» Data below:
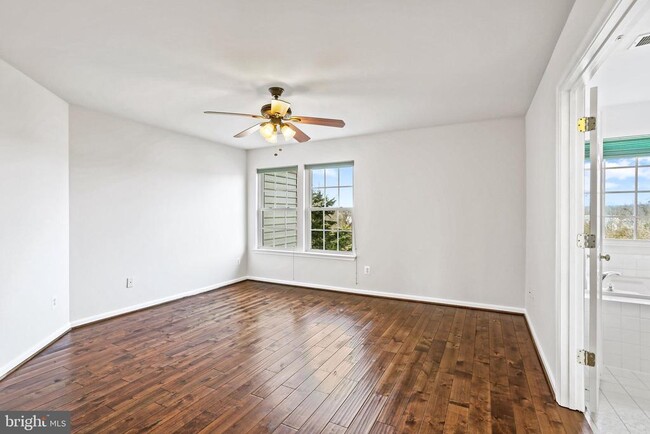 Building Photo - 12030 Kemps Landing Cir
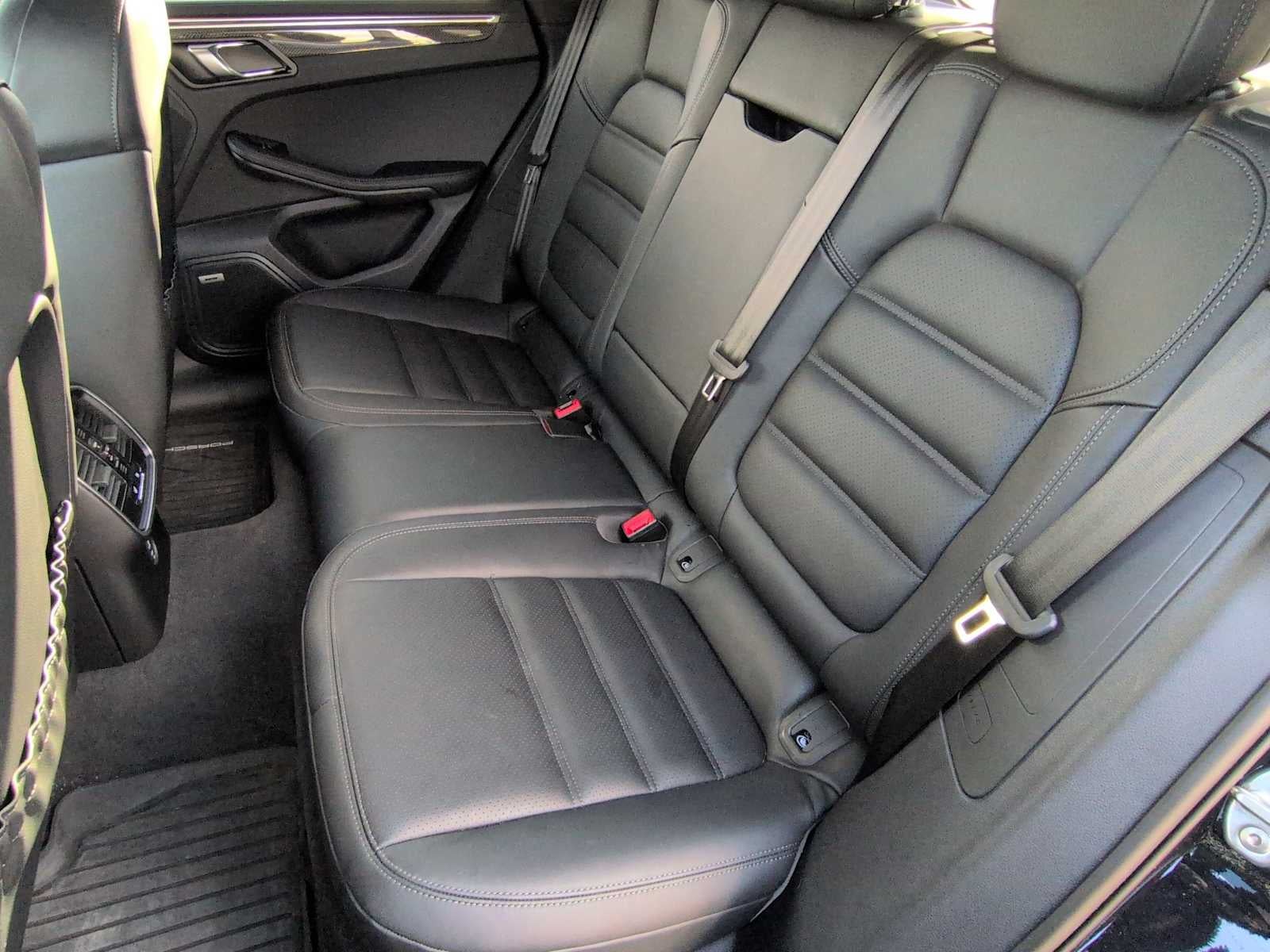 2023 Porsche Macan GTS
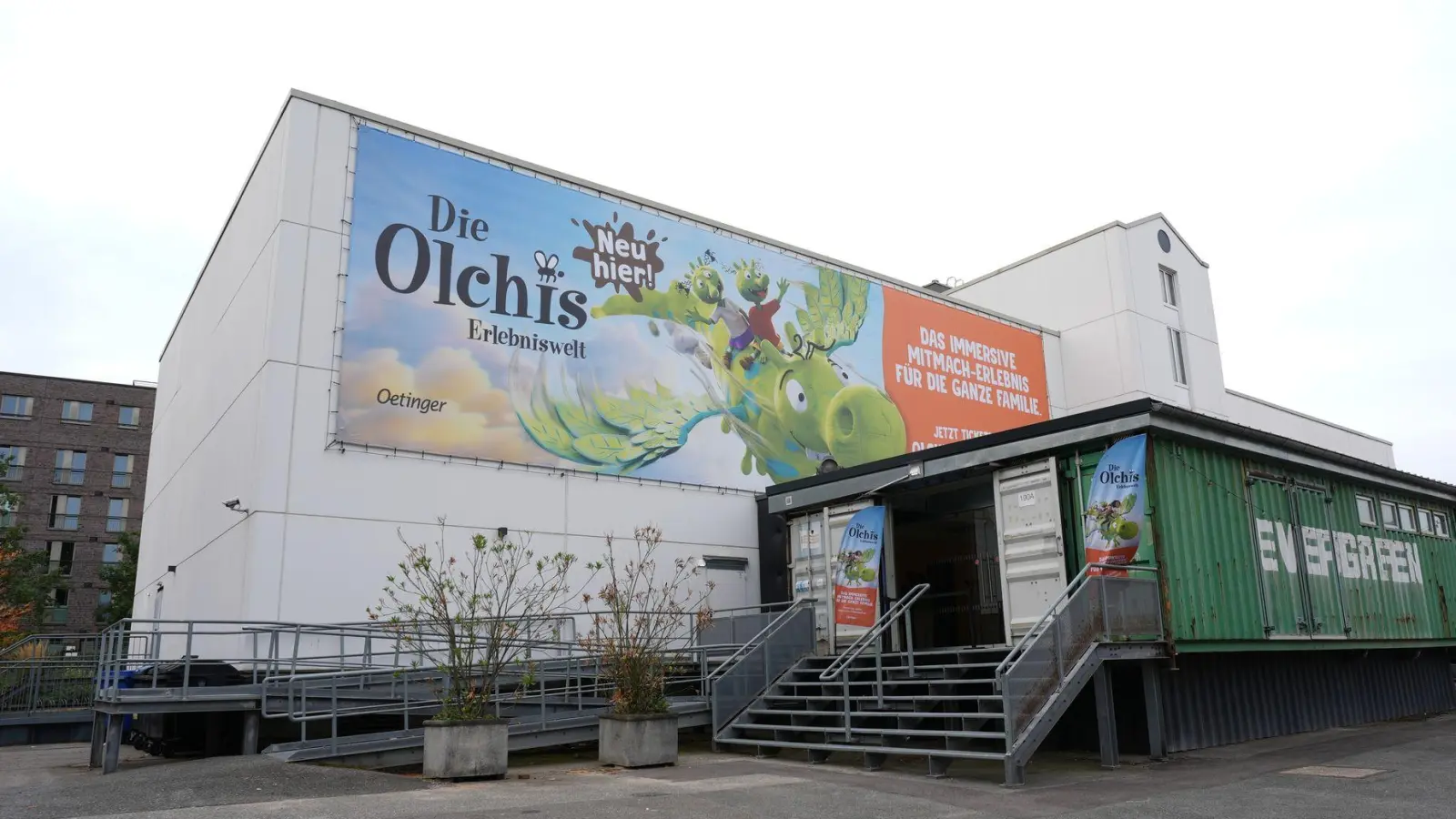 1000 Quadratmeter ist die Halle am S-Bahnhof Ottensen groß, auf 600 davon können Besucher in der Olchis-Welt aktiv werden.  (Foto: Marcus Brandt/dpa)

» What is being asked: Starting at the line with "2023 Porsche Macan GTS" and stopping at the final line of the material, reproduce each line exactly, both ends included. Leave the pictures out.

» Task solution:
 2023 Porsche Macan GTS
 1000 Quadratmeter ist die Halle am S-Bahnhof Ottensen groß, auf 600 davon können Besucher in der Olchis-Welt aktiv werden.  (Foto: Marcus Brandt/dpa)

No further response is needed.